EVerest / everest-core

Apache License 2.0
102 stars 74 forks source link

Watchdog in EVerest #539

Open corneliusclaussen opened 9 months ago

corneliusclaussen commented 9 months ago

Right now the manager exits EVerest whenever a child (module) dies. Then systemd usually restarts EVerest to recover. If a module hangs in a command handler, the framework will also timeout and exit the module process which results in a restart of EVerest. We recently added some dead-lock detecting mutexes to EvseManager as well to ensure restarts in case a module hangs somewhere.

There is however no generic watchdog functionality that can be used inside of a module to watch a long running thread (e.g. a mainloop thread, or an IO thread) to see if it is still running, so there are still some threads in some modules that may hang without leading to an exit of the module process.

We should ensure that such scenarios will restart EVerest.

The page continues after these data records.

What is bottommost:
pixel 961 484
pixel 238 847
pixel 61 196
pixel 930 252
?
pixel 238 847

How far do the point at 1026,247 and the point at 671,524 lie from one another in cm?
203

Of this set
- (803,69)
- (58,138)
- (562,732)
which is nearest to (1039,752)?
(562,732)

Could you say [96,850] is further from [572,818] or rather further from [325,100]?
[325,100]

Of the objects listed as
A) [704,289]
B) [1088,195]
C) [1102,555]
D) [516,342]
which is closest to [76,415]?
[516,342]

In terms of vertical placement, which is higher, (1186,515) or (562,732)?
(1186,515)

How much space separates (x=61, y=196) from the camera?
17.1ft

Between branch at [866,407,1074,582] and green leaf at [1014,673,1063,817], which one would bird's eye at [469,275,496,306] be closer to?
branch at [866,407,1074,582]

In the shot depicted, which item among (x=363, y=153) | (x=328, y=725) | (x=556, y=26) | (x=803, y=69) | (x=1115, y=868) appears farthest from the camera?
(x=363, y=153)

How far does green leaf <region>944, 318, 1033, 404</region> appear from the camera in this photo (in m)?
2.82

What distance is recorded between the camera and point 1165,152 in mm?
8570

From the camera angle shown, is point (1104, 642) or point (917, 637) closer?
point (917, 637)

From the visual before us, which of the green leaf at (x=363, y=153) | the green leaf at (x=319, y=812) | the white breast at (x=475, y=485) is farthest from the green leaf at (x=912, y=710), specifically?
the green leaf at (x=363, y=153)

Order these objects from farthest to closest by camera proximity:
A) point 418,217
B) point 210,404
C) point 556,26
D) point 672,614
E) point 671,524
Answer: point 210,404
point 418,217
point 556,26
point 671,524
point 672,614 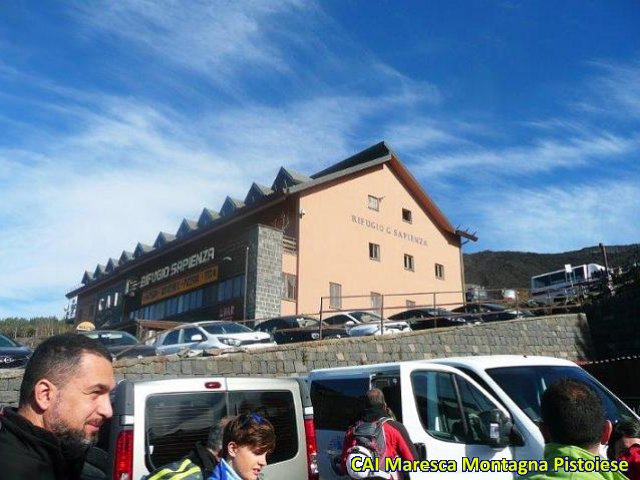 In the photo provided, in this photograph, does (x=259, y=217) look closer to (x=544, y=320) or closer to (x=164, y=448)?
(x=544, y=320)

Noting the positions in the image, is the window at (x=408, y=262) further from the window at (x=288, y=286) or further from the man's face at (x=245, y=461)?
the man's face at (x=245, y=461)

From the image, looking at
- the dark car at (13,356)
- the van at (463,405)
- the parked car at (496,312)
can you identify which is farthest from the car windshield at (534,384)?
the parked car at (496,312)

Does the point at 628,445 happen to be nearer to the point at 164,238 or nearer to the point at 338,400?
the point at 338,400

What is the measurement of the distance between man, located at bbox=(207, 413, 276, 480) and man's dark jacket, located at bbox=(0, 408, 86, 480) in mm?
1396

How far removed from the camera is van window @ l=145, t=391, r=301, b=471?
454 centimetres

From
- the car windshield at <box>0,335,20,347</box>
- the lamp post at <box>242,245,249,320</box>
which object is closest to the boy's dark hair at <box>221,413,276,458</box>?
the car windshield at <box>0,335,20,347</box>

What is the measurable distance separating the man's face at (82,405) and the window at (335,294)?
2941cm

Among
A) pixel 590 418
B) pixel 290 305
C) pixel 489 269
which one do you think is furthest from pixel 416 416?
pixel 489 269

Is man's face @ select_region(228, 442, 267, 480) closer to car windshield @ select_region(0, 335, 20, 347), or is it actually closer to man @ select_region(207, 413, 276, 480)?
man @ select_region(207, 413, 276, 480)

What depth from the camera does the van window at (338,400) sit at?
6.71 meters

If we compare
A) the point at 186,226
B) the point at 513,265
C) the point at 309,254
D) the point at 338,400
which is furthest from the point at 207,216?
the point at 513,265

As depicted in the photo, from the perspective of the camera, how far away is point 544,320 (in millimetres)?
21578

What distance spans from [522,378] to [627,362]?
7339 mm

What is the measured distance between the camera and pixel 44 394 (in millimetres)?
2010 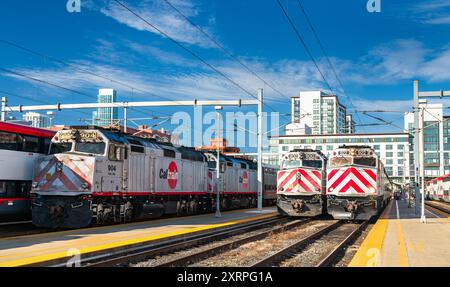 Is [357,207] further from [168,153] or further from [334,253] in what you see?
[168,153]

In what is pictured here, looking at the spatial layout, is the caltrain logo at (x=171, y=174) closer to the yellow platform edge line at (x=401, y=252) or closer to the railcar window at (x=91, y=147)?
the railcar window at (x=91, y=147)

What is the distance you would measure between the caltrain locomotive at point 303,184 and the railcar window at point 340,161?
881 millimetres

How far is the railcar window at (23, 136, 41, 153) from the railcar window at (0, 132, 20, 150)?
1.64ft

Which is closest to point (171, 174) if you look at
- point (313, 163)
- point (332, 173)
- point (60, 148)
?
point (60, 148)

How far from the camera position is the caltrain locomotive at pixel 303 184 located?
22672 mm

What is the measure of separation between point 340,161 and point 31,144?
14.2 meters

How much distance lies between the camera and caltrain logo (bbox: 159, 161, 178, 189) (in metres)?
23.2

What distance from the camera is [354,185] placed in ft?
70.2

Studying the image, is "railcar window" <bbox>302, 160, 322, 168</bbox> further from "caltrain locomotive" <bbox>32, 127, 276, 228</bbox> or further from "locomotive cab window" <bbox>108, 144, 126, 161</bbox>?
"locomotive cab window" <bbox>108, 144, 126, 161</bbox>

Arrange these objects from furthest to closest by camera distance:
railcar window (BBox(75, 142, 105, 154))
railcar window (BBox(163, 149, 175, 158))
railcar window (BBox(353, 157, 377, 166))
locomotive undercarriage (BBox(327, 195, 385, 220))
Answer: railcar window (BBox(163, 149, 175, 158)) < railcar window (BBox(353, 157, 377, 166)) < locomotive undercarriage (BBox(327, 195, 385, 220)) < railcar window (BBox(75, 142, 105, 154))

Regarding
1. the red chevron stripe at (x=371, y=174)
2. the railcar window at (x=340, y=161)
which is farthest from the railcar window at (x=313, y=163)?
the red chevron stripe at (x=371, y=174)

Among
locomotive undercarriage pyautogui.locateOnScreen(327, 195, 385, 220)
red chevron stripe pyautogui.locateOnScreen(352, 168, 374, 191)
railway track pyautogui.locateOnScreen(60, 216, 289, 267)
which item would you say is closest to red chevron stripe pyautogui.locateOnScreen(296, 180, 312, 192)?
locomotive undercarriage pyautogui.locateOnScreen(327, 195, 385, 220) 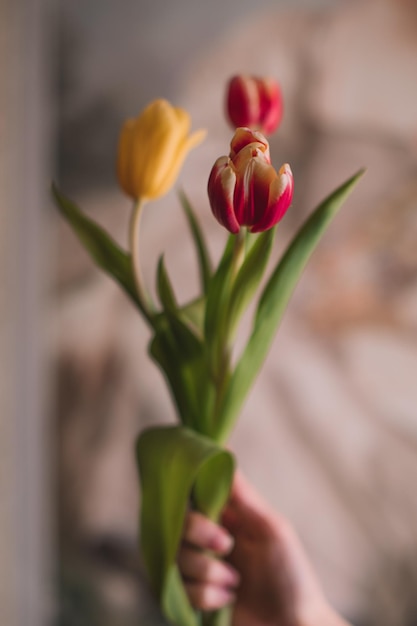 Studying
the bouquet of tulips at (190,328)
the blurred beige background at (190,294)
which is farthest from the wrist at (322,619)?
the blurred beige background at (190,294)

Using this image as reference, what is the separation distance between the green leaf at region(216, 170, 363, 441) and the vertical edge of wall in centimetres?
64

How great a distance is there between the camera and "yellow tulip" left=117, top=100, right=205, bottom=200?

corneliusclaussen commented 9 months ago

Work has started in https://github.com/EVerest/everest-core/pull/514 and corresponding PRs in framework and utils. Each module now has a WatchdogSupervisor that can be used within the module to register watchdogs for individual threads. The plan is to extend this further, so that the full chain down to the hardware watchdog is covered:

Module registers a watchdog with its supervisor. The supervisor checks in its own thread if the target thread is still alive. The supervisor thread itself sends MQTT pings to the manager. The manager ensures that the supervisor threads of all modules are running and MQTT communication still works. The manager sends (optionally) watchdog pings to systemd (needs to be setup in the service file), and systemd itself uses the hardware watchdog device to ensure it is still alive.